Another strong month for technology majors propelled US stock indices to all-time highs. The outlook remains positive, supported by inflation approaching the 2% target.

Specifically, in May 2024, the nation’s personal consumption expenditure (PCE) price index was unchanged from April, while the core PCE index rose by 0.1%.

Of course, one swallow does not make a summer, but other indicators suggest that the regulator is getting closer to changing monetary policy:

Consumer confidence fell -1.3% to 68.2 in June from the last reading in May, as concerns about the effect of high prices and weakening incomes increased.

The ISM manufacturing index fell for the third consecutive month to 48.5% in June, and core capital goods orders experienced their largest drop this year.

For now, however, Fed members remain cautious about possible rate cuts. Jerome H. Powell warned against overreacting to economic signals. Let’s see how it turns out…

What will happen if the Fed maintains its hawkish stance until the third quarter?

It could pressure households and highly leveraged companies, especially zombie companies, which survive only on new loans whose prices have skyrocketed recently.

Because of the strong uptrend in the S&P 500 and the Nasdaq, one would think that so far, it has not been a major problem. And maybe it hasn’t been for the big tech companies.

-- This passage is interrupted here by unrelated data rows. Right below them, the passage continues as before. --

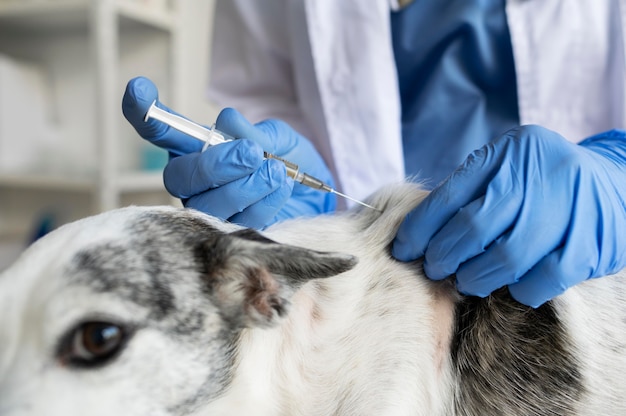 Foto close-up op dierenarts die voor hond zorgt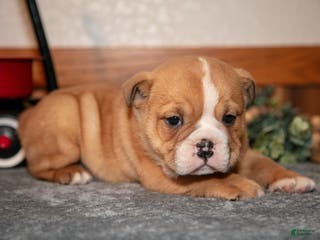Mixed Breed dogs Pudge - Ad 1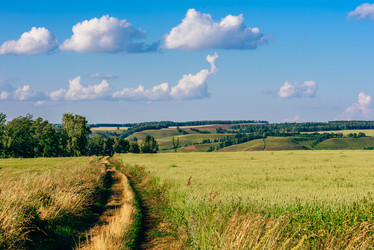 Similar image 21084217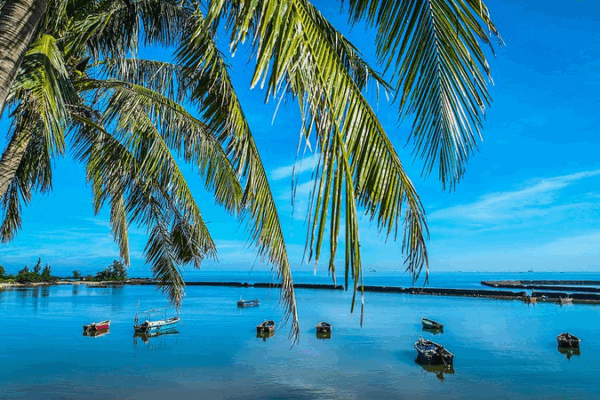 Hainan’s Ancient Fishing Village Transforms into Coastal Resort Hub Hainan_s_Ancient_Fishing_Village_Transforms_into_Coastal_Resort_Hub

Against the backdrop of uncertainty about the future of monetary policy reversal and its potential impact on the economy, investors prefer to stay in blue chips.

This behavior has led the IT and communication services sectors to account for 41.6% of the market value of the S&P 500, a level not seen since 2000.

Common sense suggests that any stumble by these large companies could have market-wide repercussions. However, Nvidia stock’s recent correction has not demonstrated this.

Yes, it pushed indices into the red, but A) not for long and B) not significantly. Moreover, investors have not just been cashing in but betting on small—and mid-cap stocks.

Where does all this lead us?

The hope of an early interest rate cut keeps markets in a positive trend, although investors are not rushing into all stocks but rather into a few large ones in the technology sector.

Increasing concentration could threaten the stability of the market as a whole. Still, for now, each correction is met by buying the broadest stocks or a cautious move to alternatives.